One of the first things I had to sort out when I started writing was what really motivates my heroine, Charlotte. Why did she get involved with the suffragettes? And why was it so difficult for her to leave the movement?
I started by thinking about what it would take for a woman in modern times to devote herself to a case, sacrificing comfort, dignity, and reputation. I considered protest movements such as animal rights, Greenham Common, abortion. I then thought about total life-style changes; volunteering in low-resource countries, dedicating oneself to a sport – even going to university.

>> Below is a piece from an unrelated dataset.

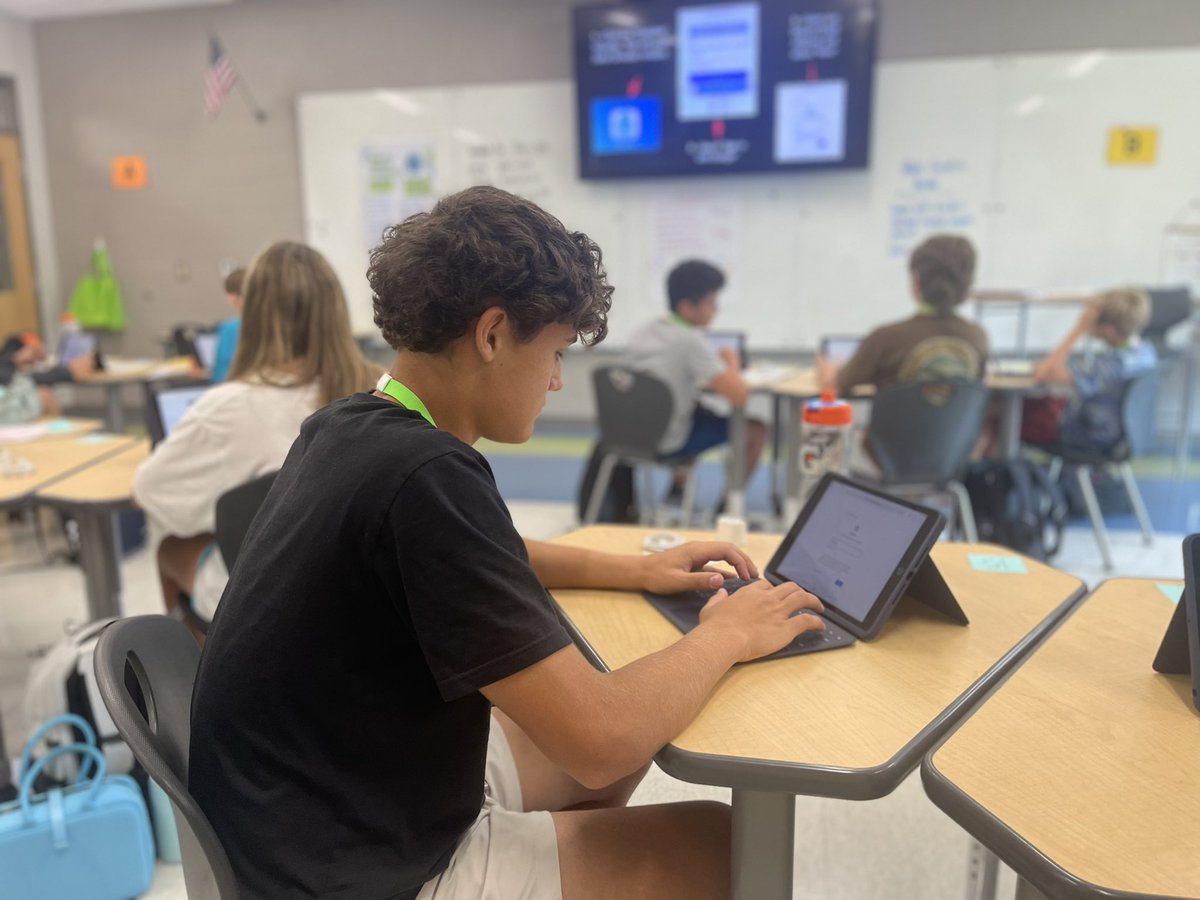 LakesideMS_Lex1's tweet photo. Thanks to the hard work of many different groups of people, both in our building and across the district, the iPad rollout at Lakeside today was a huge success. https://t.co/hTm3J9SK1M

I came to the conclusion that embracing these “causes” would require both intellectual buy-in and emotional commitment. Charlotte needs to understand the suffrage cause (and to be given opportunities in the story to demonstrate this understanding) but, to add human interest, she has to be shown to have some emotional investment. If she does not have this, why is she so bereft when she leaves London?

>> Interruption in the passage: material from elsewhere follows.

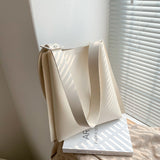 フェイクレザートートバッグ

I then considered the sense of identity and belonging that accompanies these causes; the power of a common goal, of being one in a beleaguer minority, of shared danger – and shared fun. Reading around the subject, I discovered that this was, indeed, so for some suffragettes. For many of the women, joining the movement gave them previously only dreamt of opportunities for personal freedom. For others, the camaraderie was reminiscent of boarding school – or, for a few (including Charlotte) college life. For some, the cause offered an outlet for time and energy not on offer elsewhere in a society when marriage was seen as the only way of escaping the stifling boredom of life as a women. In other words, being a suffragette offered an alternative (and very attractive) identity.

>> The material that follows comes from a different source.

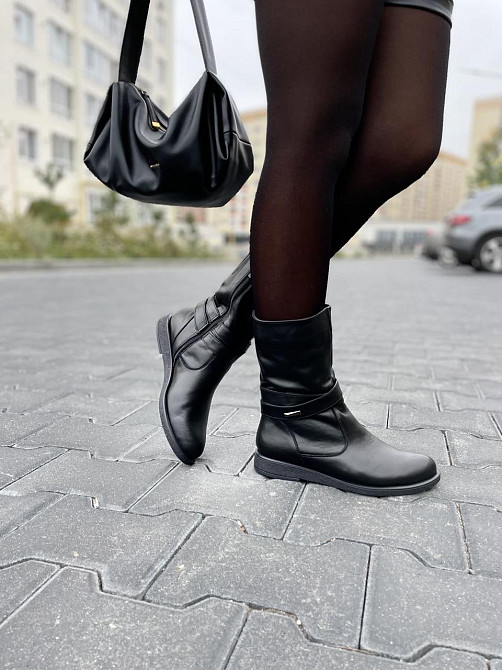 Напівчоботи жіночі ЭММА чорні натуральна шкіра з хутром висота 21 см обхват 29-32 см 40р. (2097 Коломия - фото 3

These thoughts took me so far but I still felt I wasn’t quite getting to the root of Charlotte’s commitment. I then I listened to Jeremy Paxman’s brilliant book Great Britain’s War. Early in the book, Paxman asks what drove men into the army and, once there, what kept them fighting year after year. He answers his own question at length by describing the sense of duty that permitted throughout all levels of society in the early 20th century.
Duty is a hard concept for us nowadays to understand. We think of duty to family and society, of being on duty as a nurse or policeman – but these feelings hardly scratch the service of what “duty” meant to the men and women 100 years ago. Duty to them meant the subjugation of self into the good of society, in a way that we can hardly grasp nowadays with our demands for human rights and freedom of personal expression. (Perhaps, dare I say it, the nearest example is that of communities of religious extremists?)
Once I understood the concept of duty, everything else fell into place. My earlier musings on identity and intellectual enthusiasm are still valid but placing Duty above all else suddenly made sense of the motivation and choices not only of Charlotte but of all my other characters as well.